(Supplied data begins)
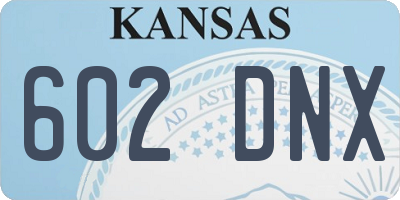 KS license plate 602DNX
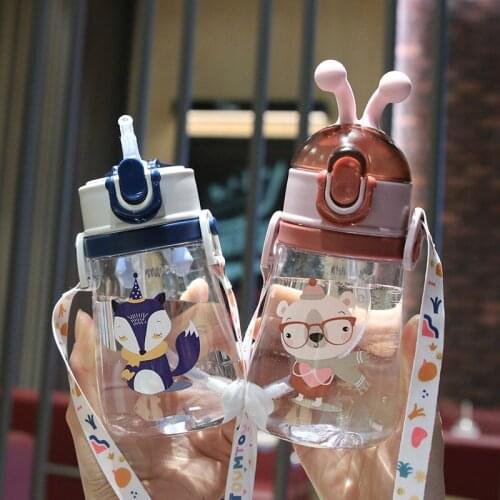 2021 New Student Sippy Cup Cartoon Honey Bee Plastic Cup With Scale Line Bounce Lid Baby Water Bottle Shatter-resistant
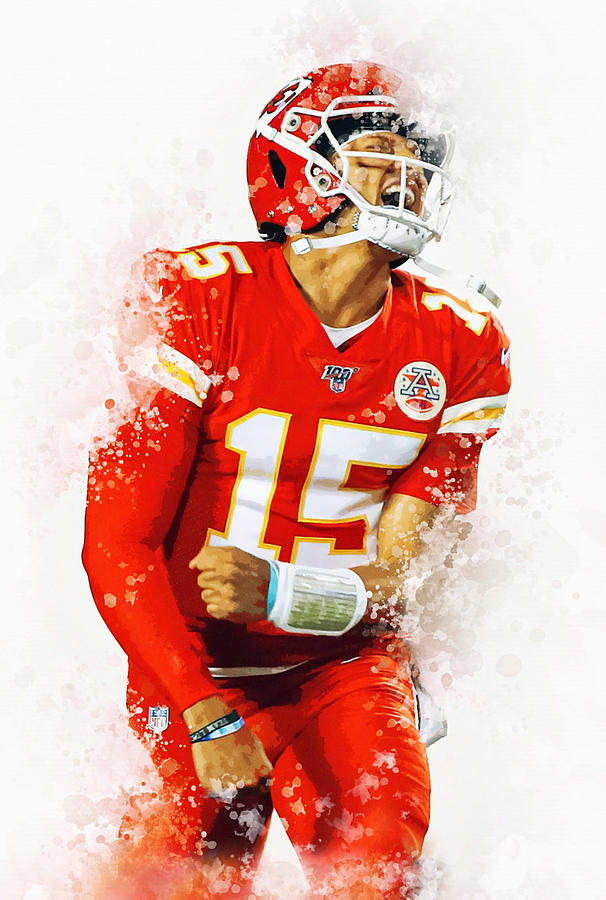 Patrick Mahomes colorful art Digital Art by Lucas Miller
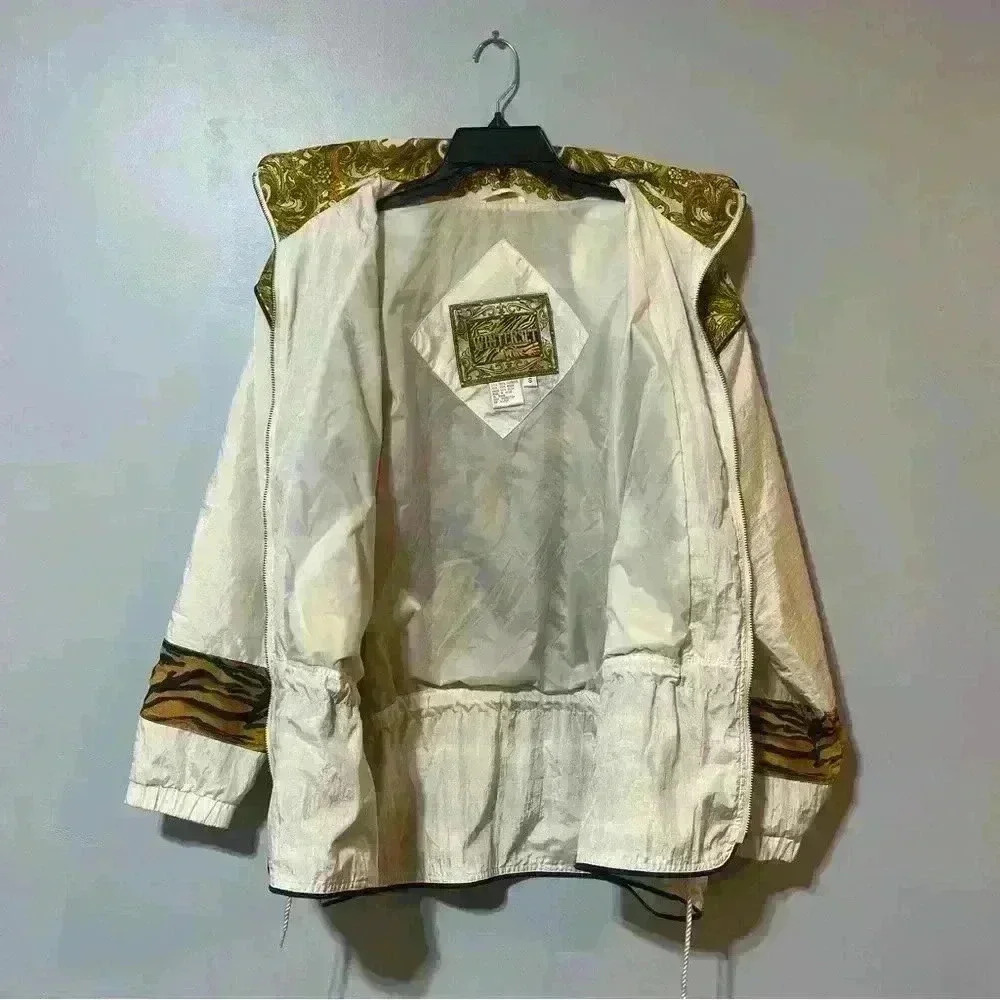 Winterset Windbreaker Jacket Womens Vintage 80s Glam Tiger King Size S Full Zip - Picture 10 of 10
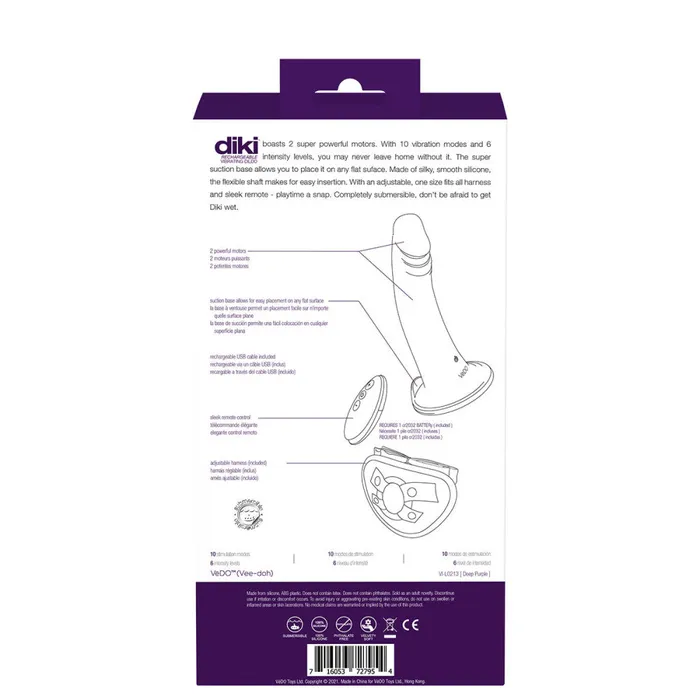 VeDO DIKI Rechargeable Vibrating StrapOn Harness VeDO Female Sex Toys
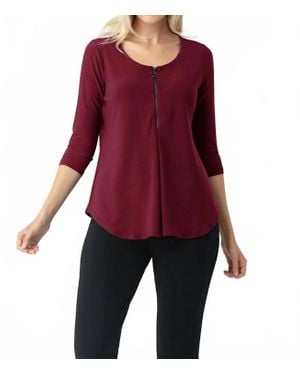 Sympli 3/4 Sleeves Zest Henley Top - Red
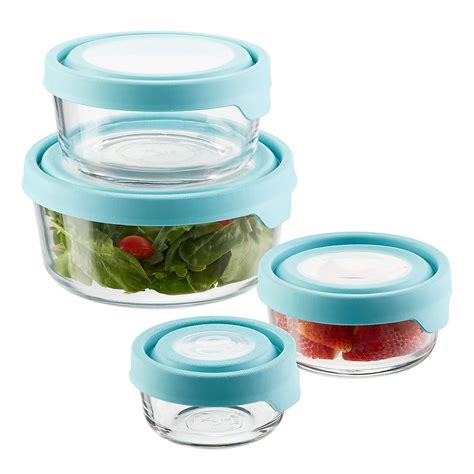 Anchor Hocking Glass Trueseal Round Food Storage Containers With Blue Lids Food Storage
(Supplied data ends)
■ **Requirement**: Copy only the lines running from the one that holds "Patrick Mahomes colorful" through the last line of the data, and include both of those lines. Do not copy any pictures.

■ **Written response**:
 Patrick Mahomes colorful art Digital Art by Lucas Miller
 Winterset Windbreaker Jacket Womens Vintage 80s Glam Tiger King Size S Full Zip - Picture 10 of 10
 VeDO DIKI Rechargeable Vibrating StrapOn Harness VeDO Female Sex Toys
 Sympli 3/4 Sleeves Zest Henley Top - Red
 Anchor Hocking Glass Trueseal Round Food Storage Containers With Blue Lids Food Storage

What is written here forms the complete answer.